MANATEE -- They call it "Pink."
Named for its color when cultured in a petri dish, Pink is a never-before discovered single-cell organism that a State College of Florida Manatee-Sarasota student found in the mangroves around Leffis Key on Anna Maria Island.
Stephanie Morgan, 22, found the organism two years ago as part of a biotechnology research project at SCF. That discovery has since been added to the National Institute of Health's genetic sequence database. It is also being researched as a potential new medication to fight infections.
Pink is a bacteria that produces brightly colored pigment molecules that gives it its bright pink color. The antibiotics Pink produces help it fight off neighboring bacterial organisms in the environment as a part of its competition for nutrients. Those properties could make it valuable as a medication some day.
Morgan, who has since transferred to New College, is continuing to work on Pink to see what its future as an antibiotic could be.
Her work will be closely noted as scientists struggle to find antibiotics to combat resistant staph bacteria like Methicillin-resistant Staphylococcus aureus, also known as MRSA.
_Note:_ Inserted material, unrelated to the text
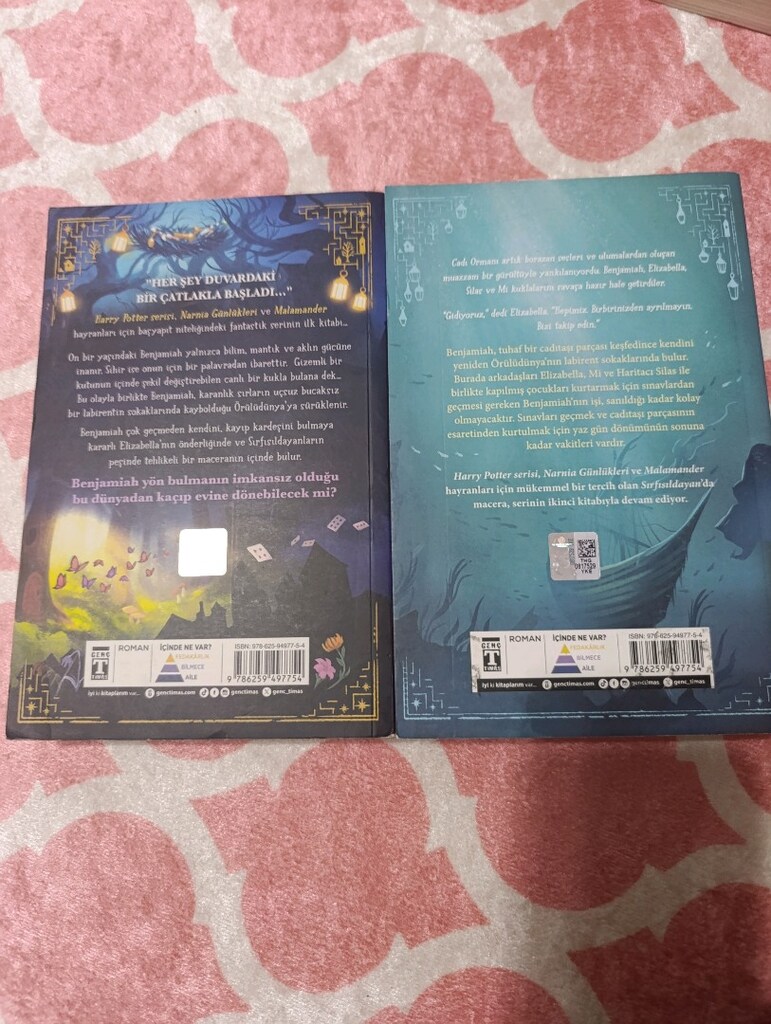 Sır Fısıldayan Kitap serisi 2 kitap - 2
At New College, Morgan has worked to isolate and identify the pigment molecules produced by Pink. She determined the structure of the pigment molecule and also found the specific DNA sequence the bacteria uses to make this molecule in each cell.
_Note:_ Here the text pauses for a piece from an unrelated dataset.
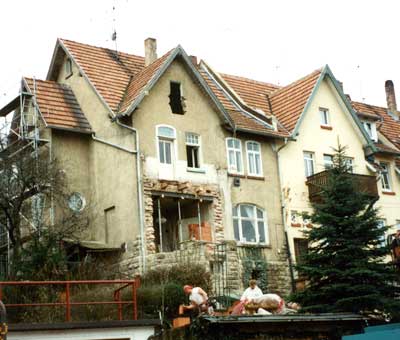 Reihenendhaus, Arnstadt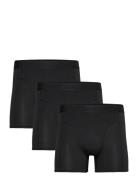 Bamboo Cotton Blend Boxer 3P Boxershorts Black Björn Borg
"It's too early to tell if Pink produces a novel antibiotic," Morgan said. "While it's certainly possible, there is a lot of additional testing that needs to be done to confirm this."
Morgan credits her classmates and SCF teachers, including Biotechnology Program Manager Matthew Thomas and Microbiology Professor Eric Warrick, with helping her develop Pink. The discovery has lifted State College of Florida's reputation in the science community, said Jose Ors, chairman of Natural Sciences at SCF.
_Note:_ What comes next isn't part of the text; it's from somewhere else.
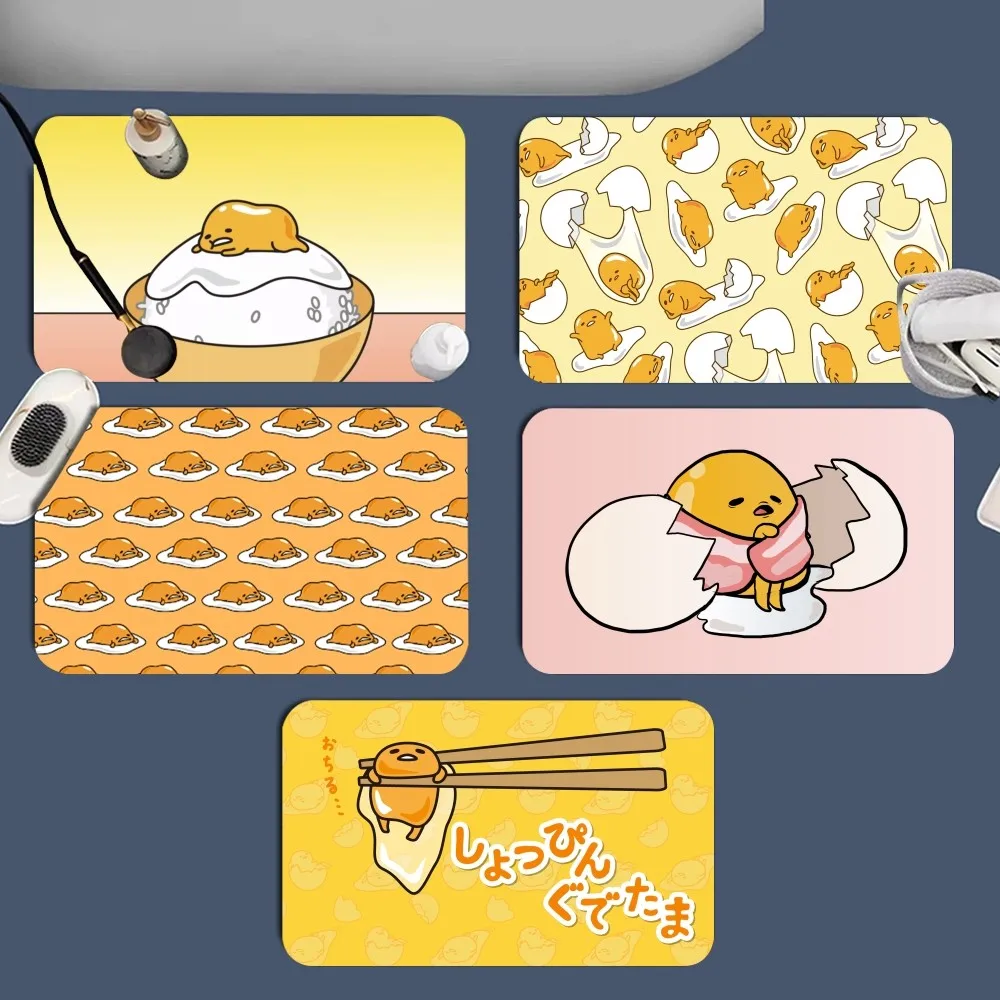 Милый коврик Gudetama противоскользящий для кухни спальни тафтинговый ковер ручной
"To become known all over the world because of this would be a dream come true," Ors said of the school's roughly 5-year-old biotech program. "But, for sure, we are now known throughout the state of Florida. Not many two-year programs, in fact not many four-year institutions have a program like this. This is a program that is fairly unique for this area."
Leading to Pink's discovery
The story of Pink really begins in 2011 when SCF decided to start a biotechnology program to help develop a workforce for local employers, Thomas said.
"The Roskamp Institute was an early proponent of the program, as was Lakewood Amedex, a pharmacy company trying to bring novel antibiotics to the market," Thomas said.
SCF biotech graduates have worked at Roskamp Institute, which researches neurological diseases, and three graduates currently work at Rapid Pathogen Screening in Lakewood Ranch, Thomas said. Rapid Pathogen Screening develops point-of-care testing for ophthalmologists. The company manufactures a test for conjunctivitis that can be administered in a physician's office.
As the biotech program got rolling, microbiologist Warrick wanted to inspire students to do field research, and so asked them to go into their neighborhoods and collect samples.
"Eric changed the culture here," Thomas said. "He helped students see that science is more than one experiment or technique. He wanted them to see the breadth of how science is done. Stephanie Morgan was one of his students. She had high aspirations and the ability to get there."
After Morgan isolated the organism as part of Warrick's microbiology lab, Thomas took the organism into his biotech class to sequence the DNA.
"My class worked with the DNA from Pink and isolated parts of it," Thomas said. "It was a class of 12 students all helping out; Stephanie had provided an opportunity for a large number of students to get involved."
Even though its future has not yet been written, Pink has already achieved fame.
Since it is new, its DNA sequence has been accepted into Genbank, the National Institutes of Health genetic sequence database. Genbank began in December 1982, with 606 sequences. The repository, which is part of the International Nucleotide Sequence Database Collaboration, now has more than 188,372,017 sequences, 10 of which were contributed by SCF for Pink.
Morgan, who had attended Bayshore High School and participated in the dual enrollment program at SCF, said she was inspired by Warrick's "neighborhood experiment" at SCF, which was officially called Small World Initiative Microbiology.
"I specifically chose Leffis Key because I wanted to collect a sample from a marine environment that I thought might contain a diverse survey of bacterial organisms," Morgan said. "I had retrieved samples from mangroves at a different location in the past that had some interesting organisms and was looking to repeat that success at Leffis Key."
She knelt down in the mangroves and put her sterile test tube into the water.
"I collected a bit of sand, soil and goop, and then it was taken back to the lab to dilute the samples down in sterile water and grow them in petri dishes on top of nutrient agar," Morgan said.
She began to study this organism which revealed this unusual pink glow.
"After sending the DNA off and getting the sequence data in return, I was able to use a tool called BLAST (Basic Local Alignment Search Tool) which compares my sequence to all of the known sequences in the National Institutes' database," Morgan said. "Nothing was coming up as a good match, so this was pretty exciting as it was the first indicator that Pink might be something novel."
Morgan is proud of the discovery and her work with SCF's biotechnology program.
"Pink will always be special to me as it has been a project that I have had a very large part in, and I hope that eventually I'll get to name it as a new species," Morgan said.